Restate the listing that follows word for word, without its pictures.

*Exercise data*
++++++

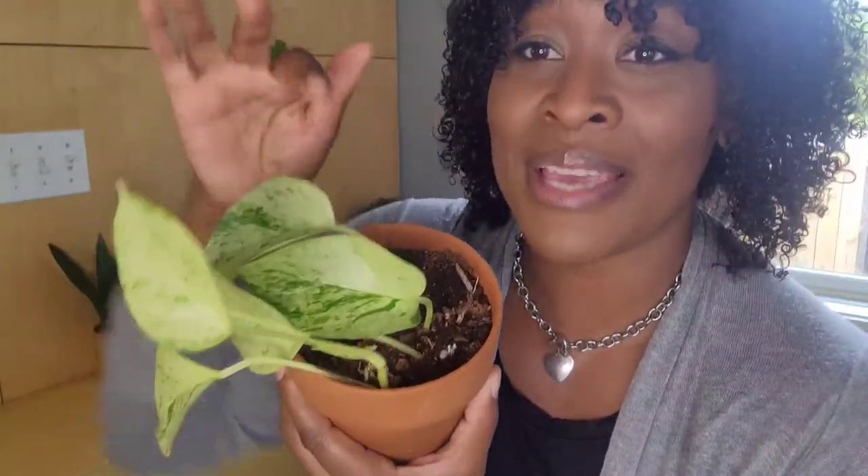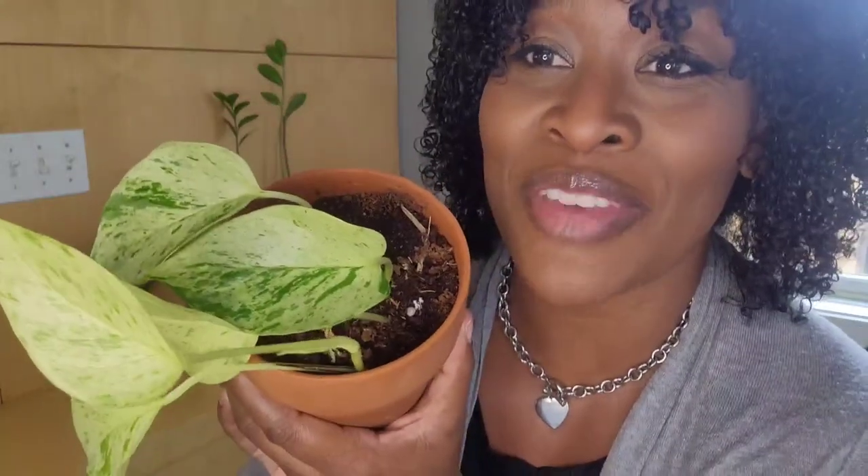This leaf right here is so pretty. She's starting to become my favorite. But when I look at the others, I'm still so in love with them all — I just say I love this entire plant. I stare at her every morning. I rush downstairs and I look at her.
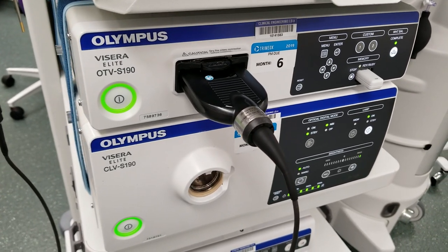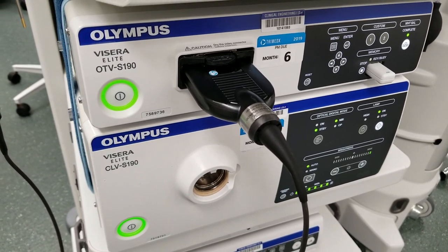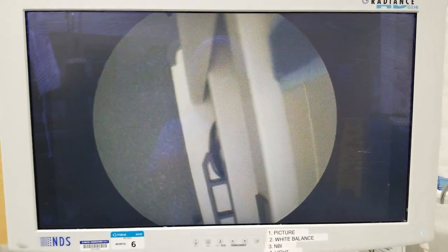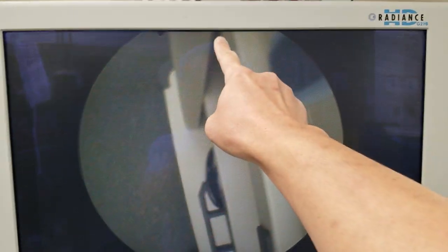If your operating room has one of these beautiful Olympus setups — the S190 systems — however, you are frustrated with this image quality. What is wrong with this picture? Look at the top and bottom: cut off. This is despite having the technician who set up the system and my Olympus rep come in here to try to fix it. Despite their efforts, they were unsuccessful.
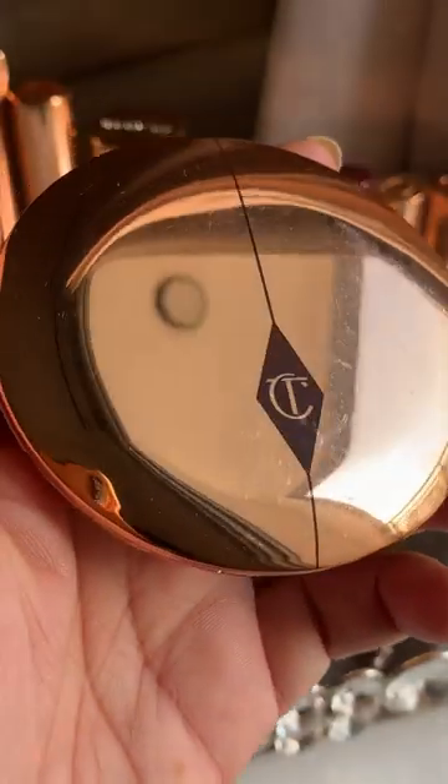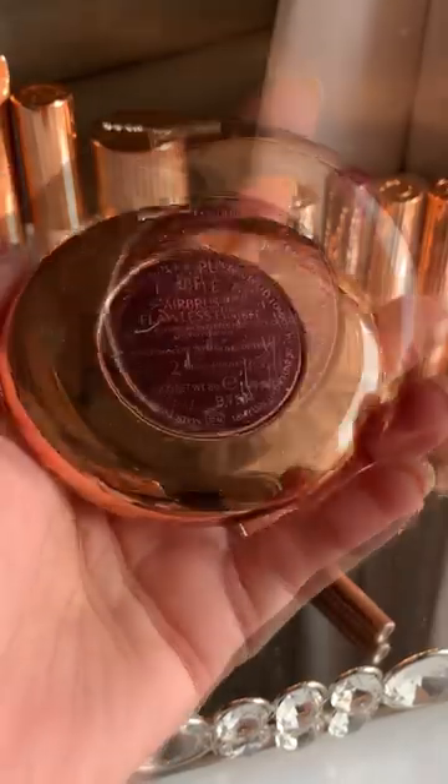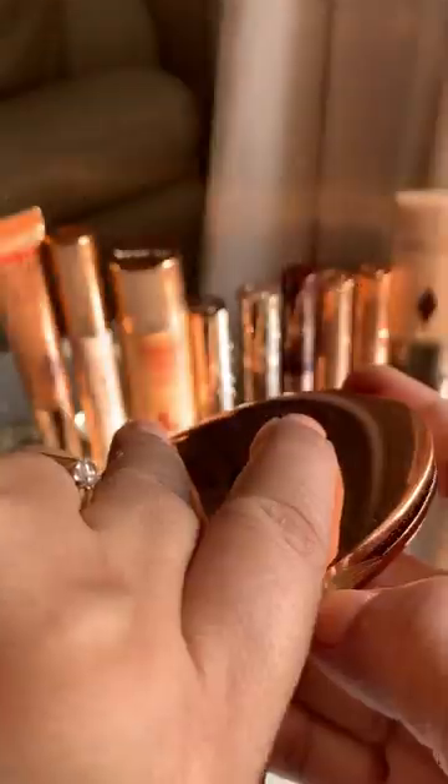Charlotte Tilbury Airbrush Flawless Finish Powder — this is the product you need. I'm using shade 2 here, and I make sure that I have a backup ready because I always hit pan on this.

++++++

*Answer to the exercise*
This leaf right here is so pretty. She's starting to become my favorite. But when I look at the others, I'm still so in love with them all — I just say I love this entire plant. I stare at her every morning. I rush downstairs and I look at her.
If your operating room has one of these beautiful Olympus setups — the S190 systems — however, you are frustrated with this image quality. What is wrong with this picture? Look at the top and bottom: cut off. This is despite having the technician who set up the system and my Olympus rep come in here to try to fix it. Despite their efforts, they were unsuccessful.
Charlotte Tilbury Airbrush Flawless Finish Powder — this is the product you need. I'm using shade 2 here, and I make sure that I have a backup ready because I always hit pan on this.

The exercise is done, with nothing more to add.